**Problem to solve:** Print exactly the line with "Porta Alta Seguran&ccedil;a Yale Premium" and every line after it, through the final line of the material below.

################

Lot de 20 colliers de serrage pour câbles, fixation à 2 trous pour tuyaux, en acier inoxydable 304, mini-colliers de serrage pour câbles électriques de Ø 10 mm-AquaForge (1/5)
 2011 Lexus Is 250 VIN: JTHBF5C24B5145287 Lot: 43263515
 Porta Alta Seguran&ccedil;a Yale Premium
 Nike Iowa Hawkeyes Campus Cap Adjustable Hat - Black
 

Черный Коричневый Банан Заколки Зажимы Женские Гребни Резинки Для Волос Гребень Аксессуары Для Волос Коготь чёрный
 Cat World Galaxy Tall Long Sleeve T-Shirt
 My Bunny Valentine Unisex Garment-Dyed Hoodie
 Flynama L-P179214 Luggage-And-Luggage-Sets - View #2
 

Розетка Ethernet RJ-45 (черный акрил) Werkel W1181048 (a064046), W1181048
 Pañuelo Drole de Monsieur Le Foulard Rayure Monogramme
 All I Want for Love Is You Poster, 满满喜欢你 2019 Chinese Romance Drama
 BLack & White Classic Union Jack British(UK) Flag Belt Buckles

################

**Task solution:**
 Porta Alta Seguran&ccedil;a Yale Premium
 Nike Iowa Hawkeyes Campus Cap Adjustable Hat - Black
 

Черный Коричневый Банан Заколки Зажимы Женские Гребни Резинки Для Волос Гребень Аксессуары Для Волос Коготь чёрный
 Cat World Galaxy Tall Long Sleeve T-Shirt
 My Bunny Valentine Unisex Garment-Dyed Hoodie
 Flynama L-P179214 Luggage-And-Luggage-Sets - View #2
 

Розетка Ethernet RJ-45 (черный акрил) Werkel W1181048 (a064046), W1181048
 Pañuelo Drole de Monsieur Le Foulard Rayure Monogramme
 All I Want for Love Is You Poster, 满满喜欢你 2019 Chinese Romance Drama
 BLack & White Classic Union Jack British(UK) Flag Belt Buckles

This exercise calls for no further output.